Rallying against the cuts

“We don’t work for pin money”

Chant by care home workers marching against job cuts

The British health sector is seen by the rest of Europe as one of the most efficient and egalitarian on the continent. But health services in the UK are facing a mounting crisis, especially those provided by local authorities.

Birmingham is no exception: a report by Birmingham Health Directorate (PDF) acknowledges that “the challenges facing the city council have never been greater.”

In addition to historical cuts, the city council anticipates making further cuts of £123 million by 2021/22 and the adult social care service will suffer cuts unlike any other branch.

Care workers on strike

On a sunny but cold day of early November, a group of employees took their lunch-break on Victoria Square, in front of the council. They were enjoying the sunlight when the peace was broken by several women singing to a war song rhythm.

Home care workers were on strike, seeking to make their voices heard by councillors.

Following the stairs leading up to the square in a cavalry-like move, they progressed in a large pack holding banners. Some dressed up with beards, ties and jackets to convey the message that high wages are a man’s privilege.

The city council announced additional cuts to the budget in July and home care workers have rallied many times since.  Part of the cuts include lighter shifts for employees, meaning pay cuts for employees. The service has been on strike for 32 days of the year so far.

On this day in November, the protestors were satisfied with their protest because they entered the council during a live session: no one present could have failed to be aware of what care workers were willing to do to defend their jobs.

Austerity from London

But are Birmingham’s councillors to blame? Much of the budget of the local authority comes from national government grants — and since London turned off the tap in 2010 as part of its austerity programme, Birmingham has had to deal with significant cuts.

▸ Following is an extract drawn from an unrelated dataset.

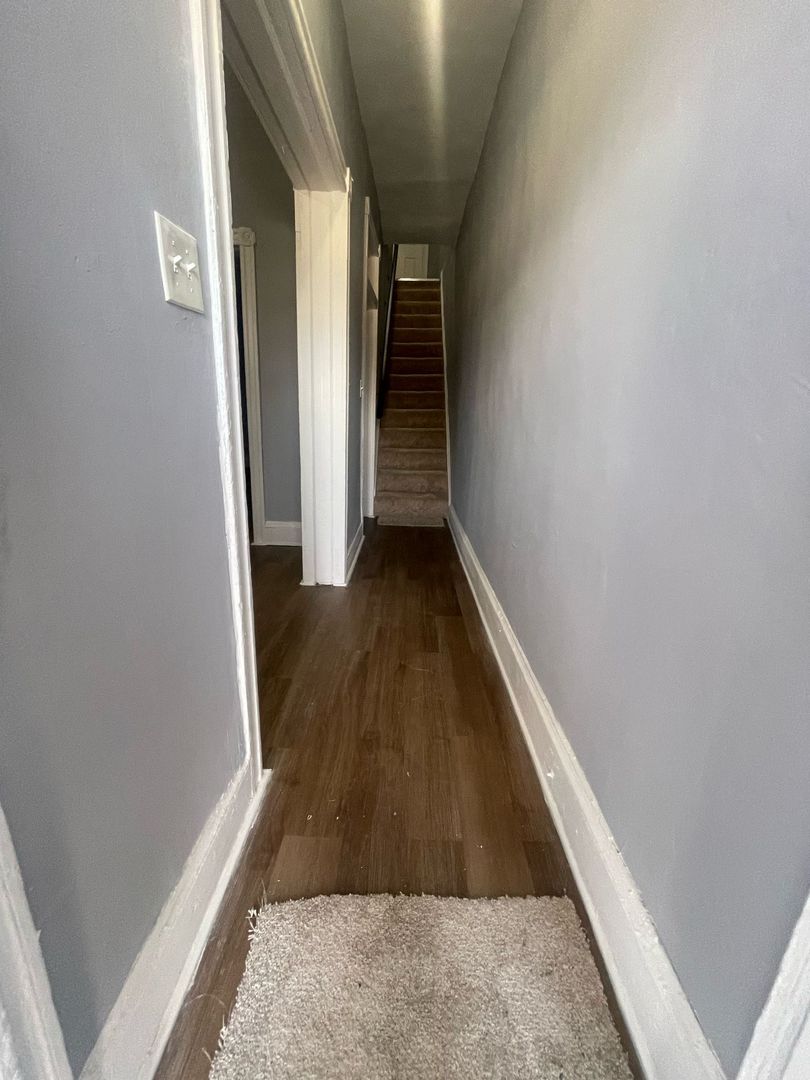 Baltimore House: 2403 W Lombard St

“We used to have a really big home care service, it’s all gone”

Caroline Johnson, branch secretary at Unison

Adult social care services are a strategic part of a city council’s mission to serve the ageing population; people live longer and therefore often need more assistance.

The population aged 65 and over from 2017 to 2035 is projected to increase from 10 million to 14.5 million people in England according to Skills For Care.

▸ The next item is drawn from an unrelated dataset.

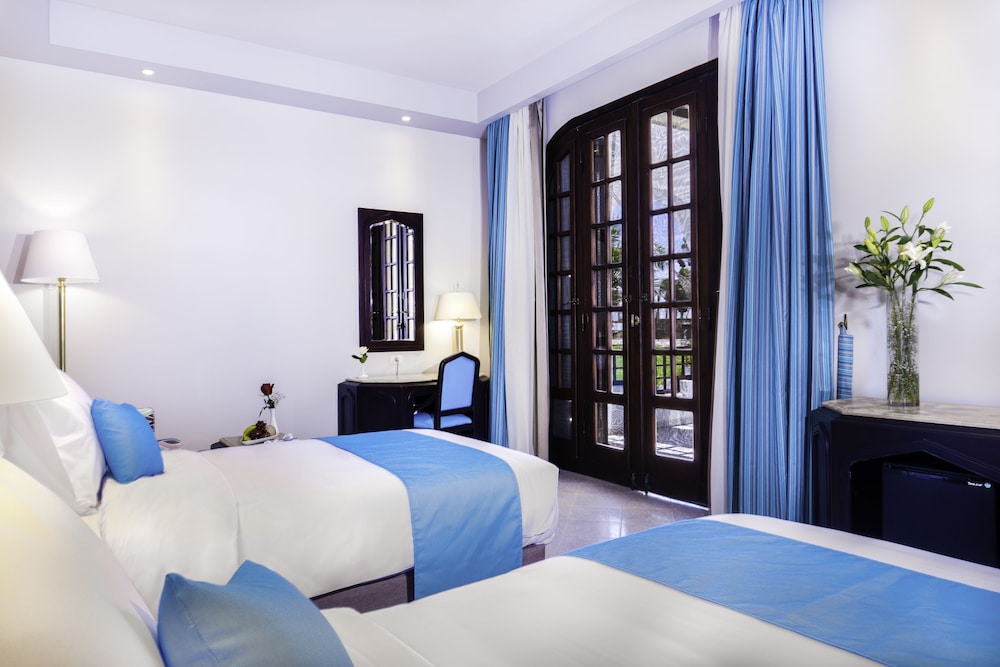 Safir Dahab Resort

The same organisation estimates that an increase of 40% in the workforce is needed to accompany the rise of the ageing population.

In Birmingham, however, the public sector is shrinking, not expanding, with adult care services increasingly left in the hands of the private sector.

And Birmingham is not the exception. In every local authority, the private sector employs an overwhelmingly higher number of employees than the public sector.

Caroline Johnson, branch secretary at Unison, says:

“We used to have 45 elderly residential homes in the city provided by the council. We used to have a really big home care service with 1,100 workers providing everyday home care — and it’s all gone.”

As the biggest council in the country, Birmingham remains the local authority that spends the most on adult social care. But it also faces some of the biggest challenges.

10,815 people over 65 in the authority suffer with dementia. A report from the council’s Adult Social Care Directorate says: “There are significant numbers of young adults who have disabilities or suffer from mental illness.”

The city is younger than others, however: people aged between 18 and 64 represent 61% of the population and the figure is predicted to have risen by 8% by 2035.

On the other hand, in a report called “How are we doing”, the city council is ranked 15th out of 16 similar local authorities when it comes to the performance of adult social care services.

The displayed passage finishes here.